Chevron Evades Paying Ecuadorean Villagers for Amazon Damages Again

October 20, 2016

Three years ago, oil giant Chevron was ordered to pay $19 billion in an Ecuadorean court to indigenous villagers in the Amazon for damages following oil extraction by Texaco, which ended in 1992. As one of the largest judgments in history regarding environmental pollution, the decision marked a significant victory in the long battle against Chevron. Despite the fine being lowered to $9.5 billion by the Ecuadorean Supreme court, Chevron has not only refused to pay the fines but also refuses to acknowledge any culpability for the polluting the Amazon rainforest of Ecuador.1

More than 20 years ago in 1993, 30,000 Ecuadorean villagers sued Chevron. The indigenous villagers accused Chevron of dumping 18 billion gallons of toxic wastewater. Chevron is also accused of spilling more than 17 million gallons of oil and leaving more than 1,000 waste pits unsealed which contain toxic waste. The resulting pollution has allegedly led to cancer and birth defects for those living in the region.2 Environmental groups and human rights groups have since condemned Chevron, calling their actions in Ecuador a “Rainforest Chernobyl.” 2

Despite the huge fines against Chevron, the enormous legal team they employ and their endless budget has allowed Chevron a recent victory against the indigenous groups and their environmental lawyer, Steven Donziger.
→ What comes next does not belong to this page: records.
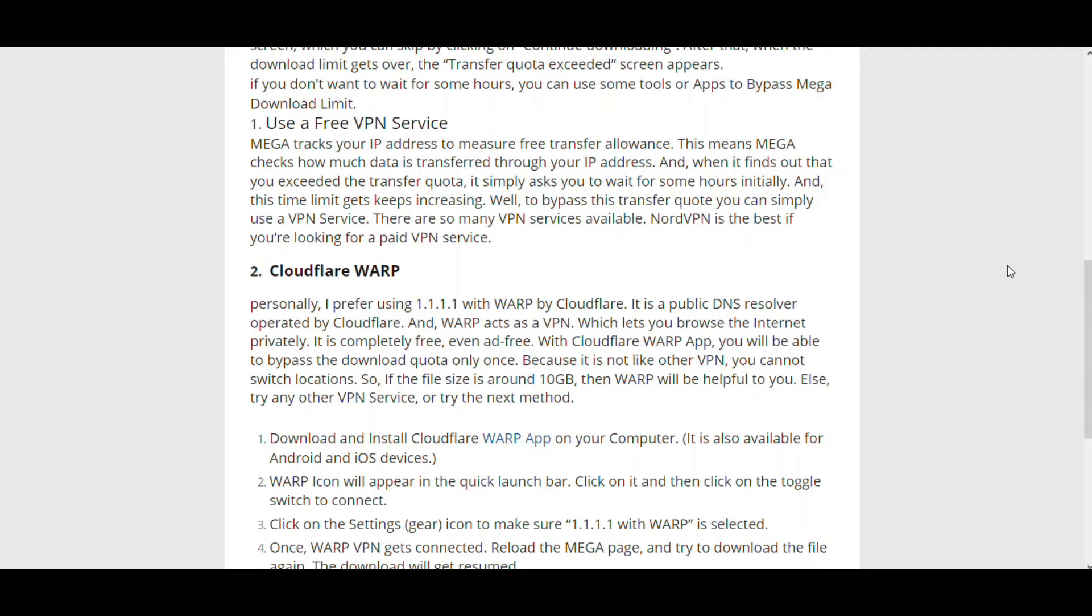What I'm going to talk about in this video is Cloudflare WARP. Cloudflare WARP is a public DNS resolver operated by Cloudflare, and it can also act as a VPN. It will let you bypass the download limit of 5GB, but it's suitable for file sizes which are about 10GB.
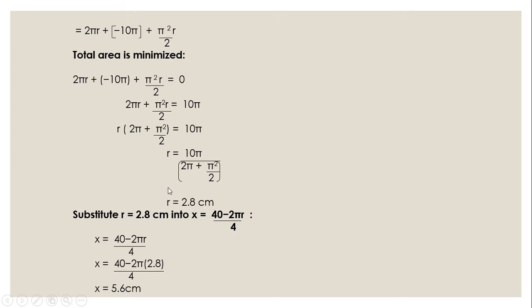After that, we got the value of r. Finally, we substitute r into x to get the final value of x.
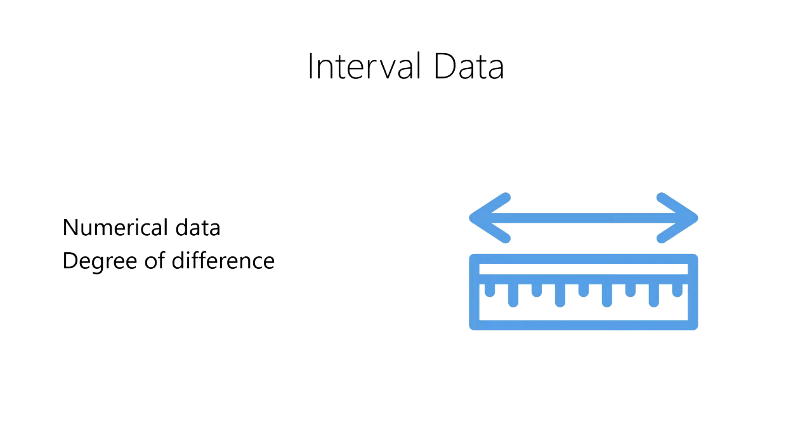However, interval scales have an arbitrary zero point on their scale. The point where zero appears on the scale was chosen for convenience, not because it represents a true absence of the thing being measured.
A federal judge from Manhattan, Judge Lewis A. Kaplan, ruled that the case against Chevron was developed using fraud and corruption. Kaplan released a 500-page ruling which acknowledged the pollution in Ecuador’s Amazon, however the ruling supported Chevron’s claims that Donziger and his team participated in “conspiracy and criminal conduct.”1 This ruling increases the likelihood that Chevron may evade any responsibility for the oil pollution in Ecuador. As a result, Donziger and others from his team have been banned “from profiting from the egregious fraud that occurred” as a result of the ruling. The ruling agrees with Chevron’s claims that Donziger and his team were responsible for ghostwriting an environmental report submitted by an environmental group to the Ecuadorean court. Donziger has admitted to working with the scientific firm, but maintains the results of the report are solid.2 Chevron also accused Donziger of bribing the judge who made the ruling in the Ecuadorean court.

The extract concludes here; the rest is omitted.